◆ Task details: Please output only the lines running from the one that contains "cover image of Stalinsky Village" through the last line of the data below, exactly as they stand, with no pictures.

◆ Records from a data source:
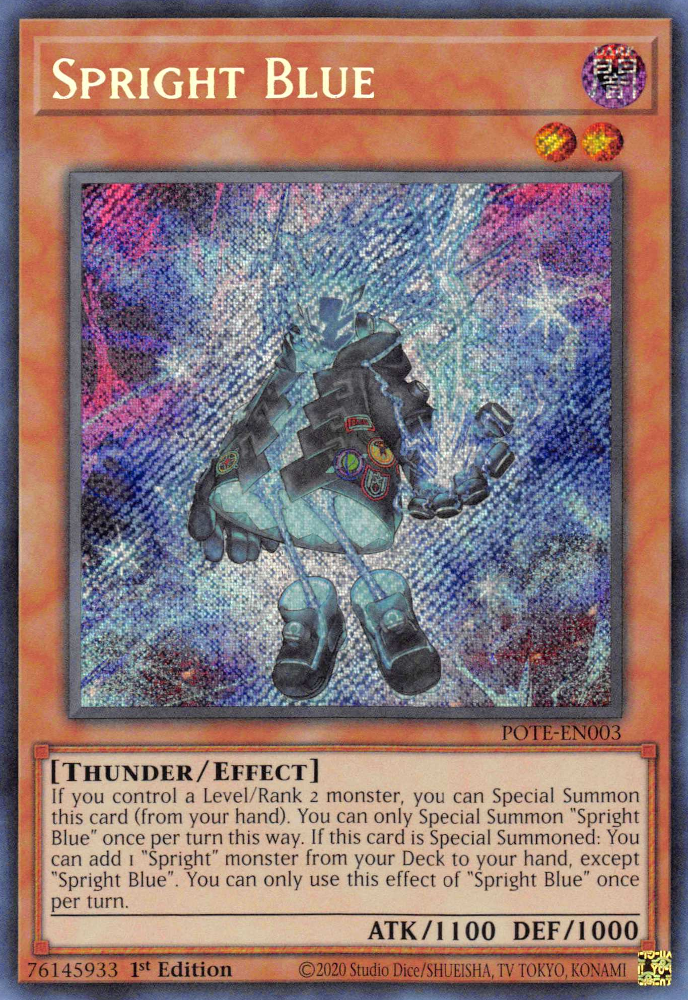 Spright Blue [POTE-EN003] Secret Rare | Gaming Infinity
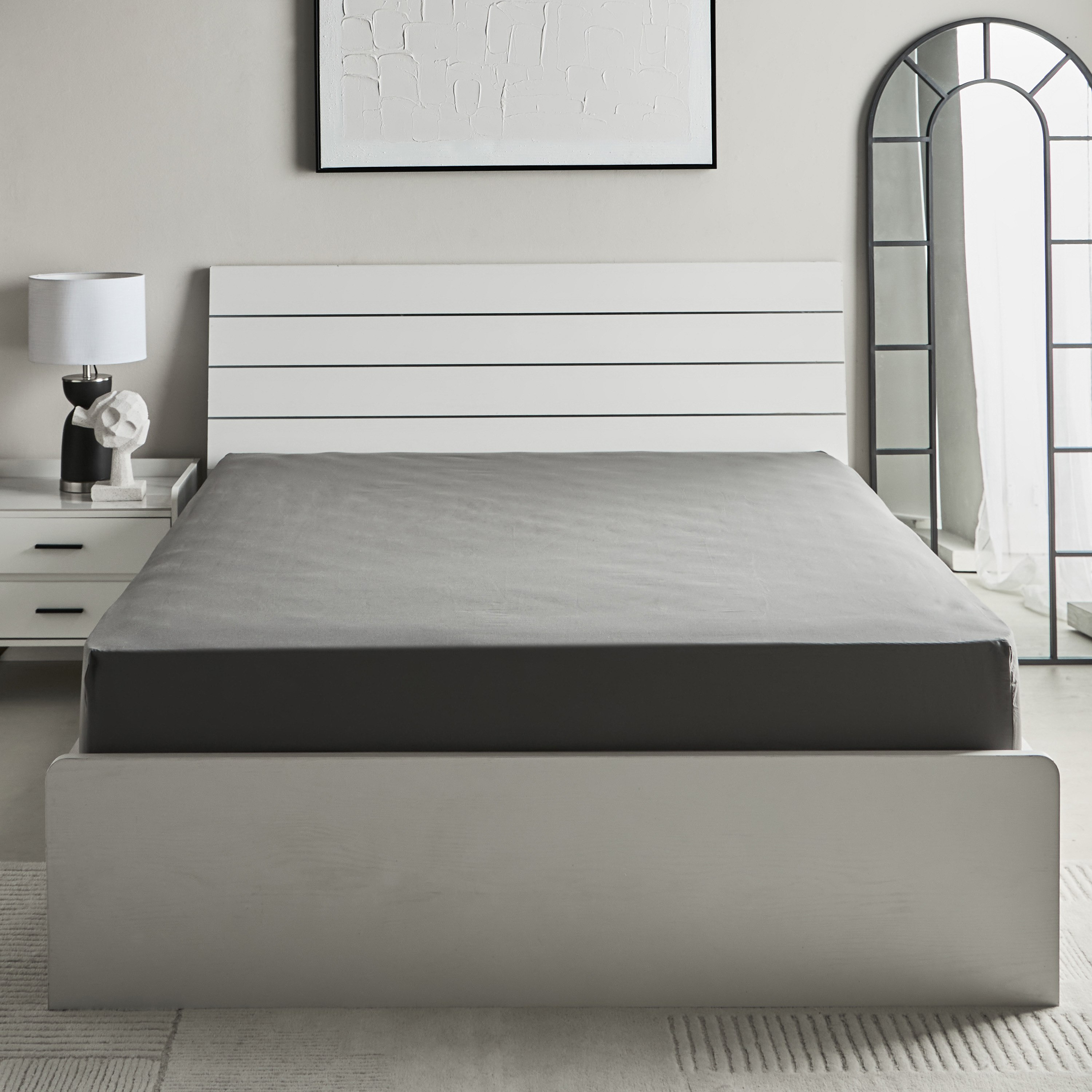 Essential Cotton Queen Fitted Sheet - 150x200+36 cm-hbxhomeware-bedding-fittedsheets-image-3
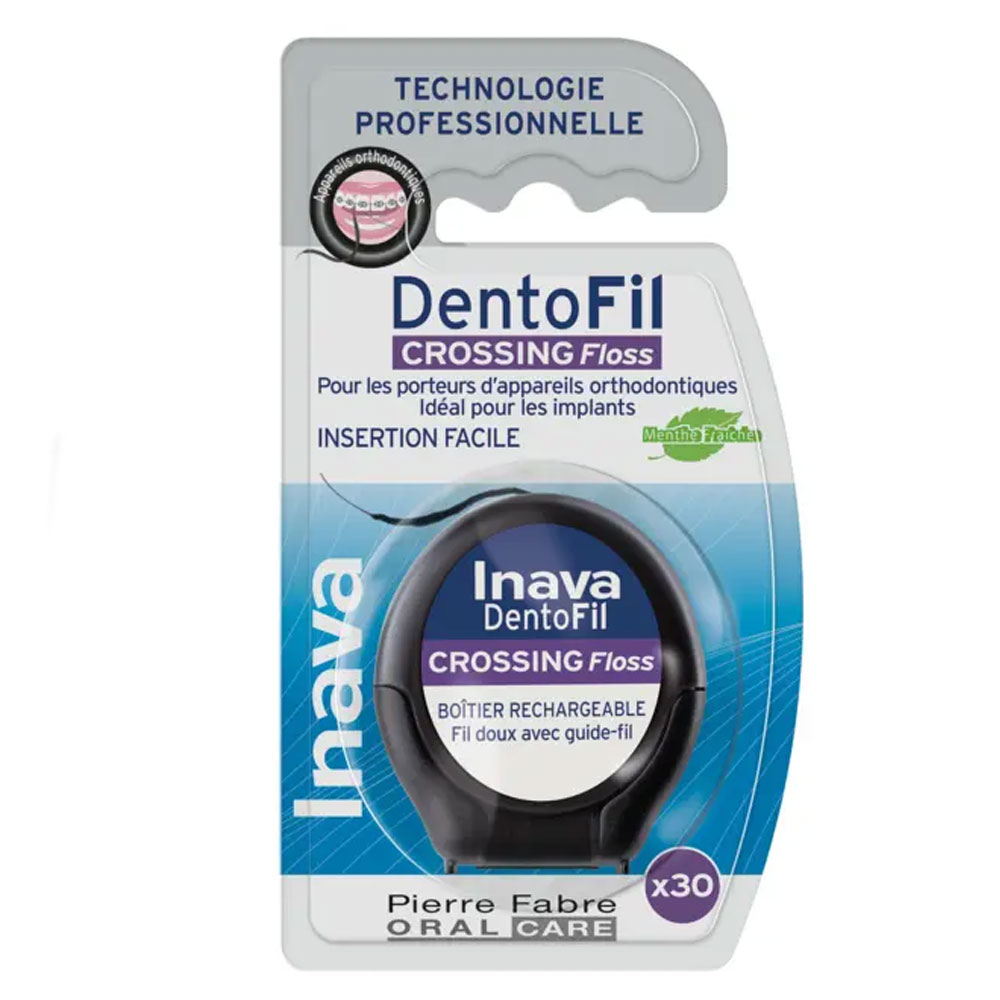 Inava Dentofil Filo interdentale Per apparecchi Ortho o implantari x30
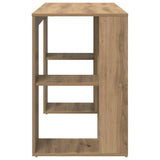 Desk with Shelf Artisan Oak 130 x 50.5 x 75 cm Engineered Wood 869505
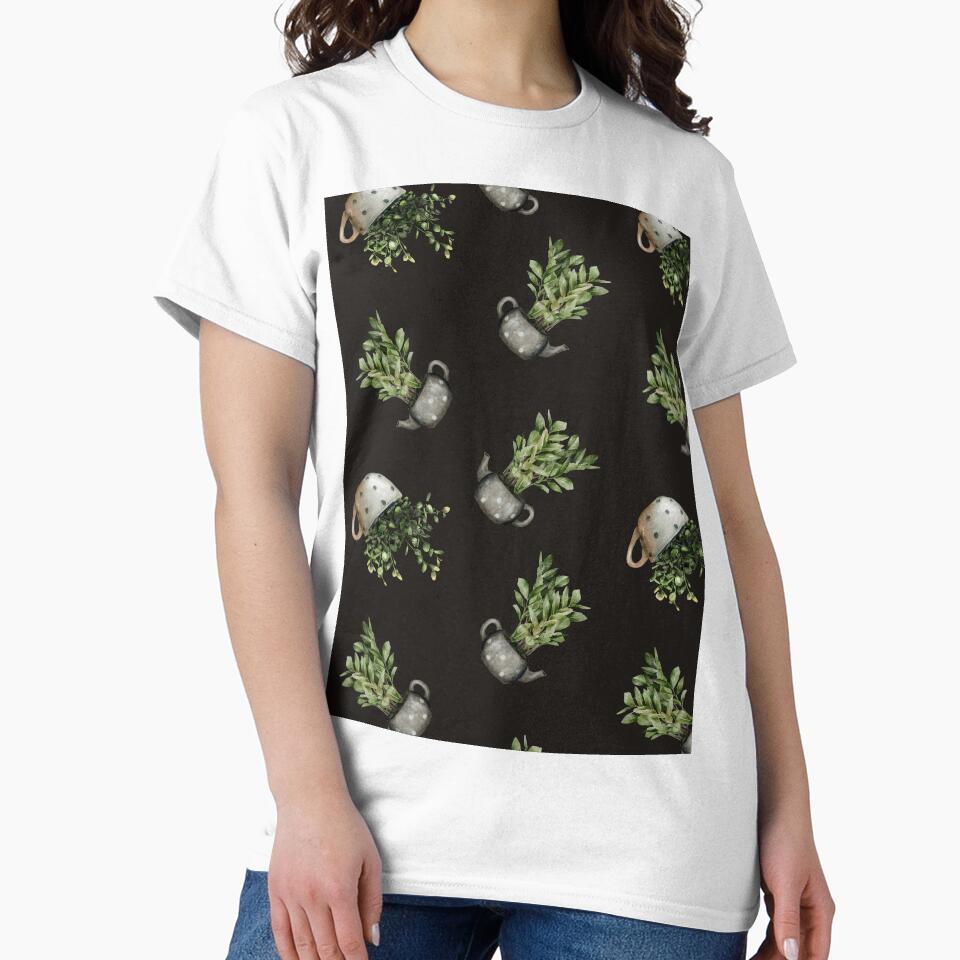 ZZ Plant Houseplant Black Love Nature Pattern by travellb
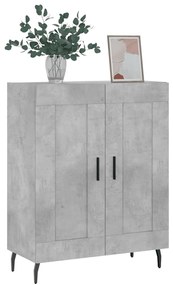 Credenza grigio cemento 69,5x34x90 cm in legno multistrato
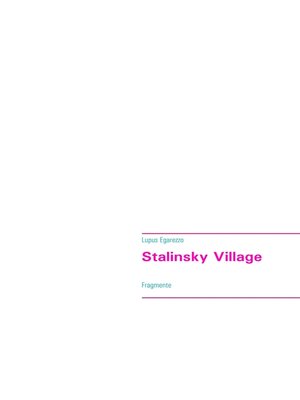 cover image of Stalinsky Village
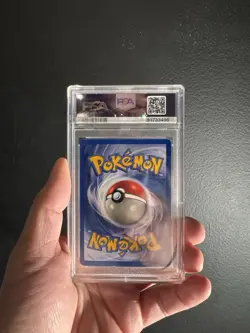 SHADOWLESS BULBASAUR #44 PSA 8-1999 POKEMON-BASE SET - Image 2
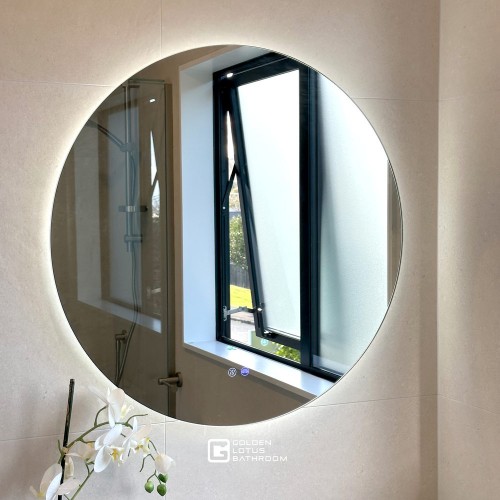 800mm Round Frameless LED Bathroom Mirror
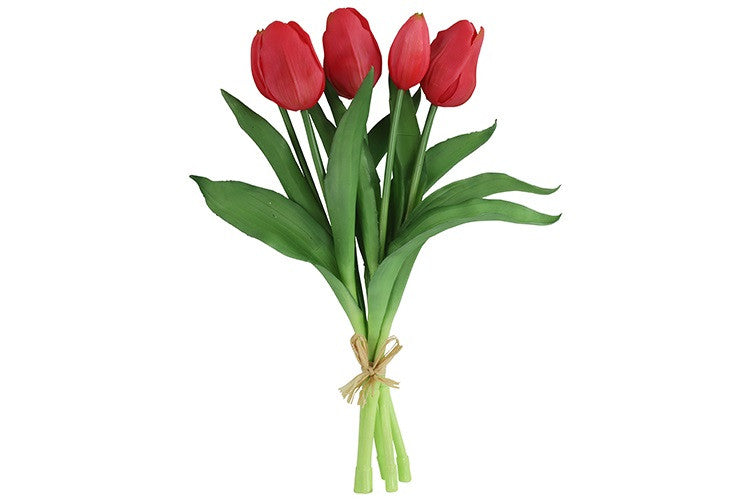Kunst Tulpen Fuchsia 5 stelen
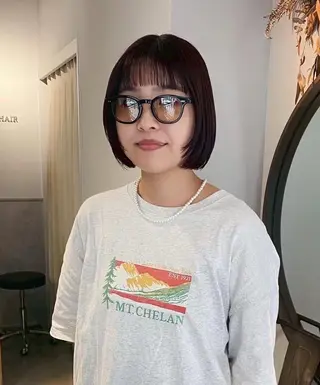 ショート 英語ok sohee ソヒ 305号室のヘアスタイル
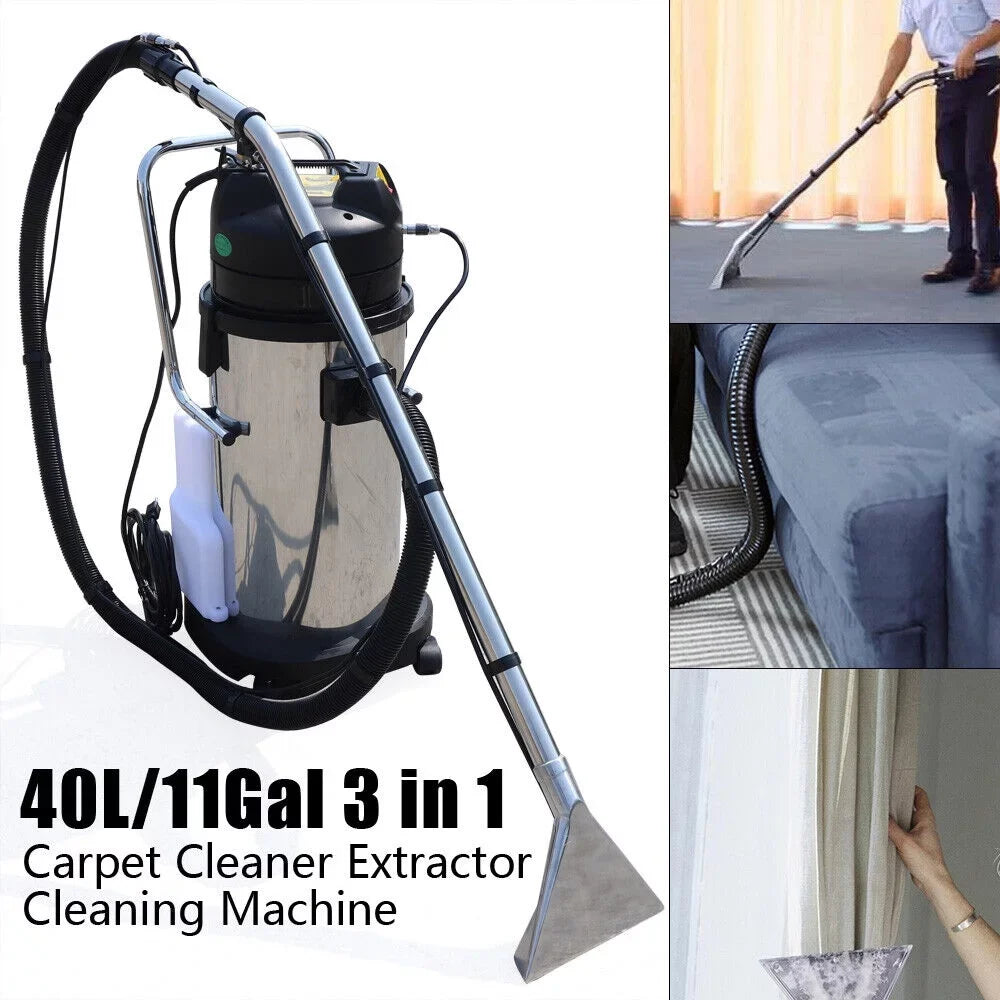 CNCEST 40L Commercial Carpet Cleaning Machine Vacuum Cleaner Extractor Dust Collector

◆ Solution to this task:
 cover image of Stalinsky Village
 SHADOWLESS BULBASAUR #44 PSA 8-1999 POKEMON-BASE SET - Image 2
 800mm Round Frameless LED Bathroom Mirror
Kunst Tulpen Fuchsia 5 stelen
 ショート 英語ok sohee ソヒ 305号室のヘアスタイル
 CNCEST 40L Commercial Carpet Cleaning Machine Vacuum Cleaner Extractor Dust Collector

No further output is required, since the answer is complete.